Wow, you really are a Bush Republican, aren't you?

You cannot be unfamiliar with the notion that a dollar in 1985 is worth more than a dollar today. And yet, you compare the 1985 deficit in nominal dollars to today's government revenues to make a "point".

So, where do I start? First, as I pointed out (and you gleefully ignored), 221 billion in 1985 dollars is about $388 billion today.

Second, 2004 revenues weren't two trillion. You're only off by six percent -- it was 1.88 trillion -- but 120 billion is a pretty big error, no? Between that error and ignoring inflation, you reduce the problem by two-thirds. Faith-based budgeting, indeed.

Third, even using your (false) numbers, you are talking about 11% of revenues. Using the real numbers, it's 21% of revenues.
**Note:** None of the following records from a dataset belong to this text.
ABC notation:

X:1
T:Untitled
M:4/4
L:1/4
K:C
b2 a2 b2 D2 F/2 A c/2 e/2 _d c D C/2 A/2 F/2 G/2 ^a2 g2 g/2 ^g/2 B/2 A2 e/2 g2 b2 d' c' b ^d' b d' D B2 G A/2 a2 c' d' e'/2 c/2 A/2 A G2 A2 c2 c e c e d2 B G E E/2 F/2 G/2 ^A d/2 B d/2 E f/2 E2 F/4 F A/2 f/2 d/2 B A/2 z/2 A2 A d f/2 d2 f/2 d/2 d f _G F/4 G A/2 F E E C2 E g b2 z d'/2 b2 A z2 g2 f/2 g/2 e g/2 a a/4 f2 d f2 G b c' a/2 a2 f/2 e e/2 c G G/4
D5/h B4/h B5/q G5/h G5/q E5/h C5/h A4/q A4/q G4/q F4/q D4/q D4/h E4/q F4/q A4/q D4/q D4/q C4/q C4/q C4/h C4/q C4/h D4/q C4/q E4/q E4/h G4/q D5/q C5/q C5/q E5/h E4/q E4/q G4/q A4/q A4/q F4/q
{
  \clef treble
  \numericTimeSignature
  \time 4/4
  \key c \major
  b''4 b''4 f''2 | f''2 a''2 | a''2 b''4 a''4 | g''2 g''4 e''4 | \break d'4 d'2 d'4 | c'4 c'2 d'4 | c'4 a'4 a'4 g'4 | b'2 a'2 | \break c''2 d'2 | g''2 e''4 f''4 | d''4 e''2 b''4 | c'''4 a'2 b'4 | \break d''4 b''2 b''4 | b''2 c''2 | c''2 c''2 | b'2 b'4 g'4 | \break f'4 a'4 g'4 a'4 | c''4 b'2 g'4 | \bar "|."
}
In my book, that hardly qualifies as "chump change".

As for your other points -- yes, if somehow we miraculously balance the budget for the next 20 years, all will be well. Now, how exactly is that going to happen -- particularly when people like you are spouting the "it just doesn't matter" garbage?

And, by the way, some of us see those "future generations", that you consider as a distant hypothesis, every day. They are our children, and for many of us on this board they will be adults in a decade or so, or even less. How much will interest on the national debt be then?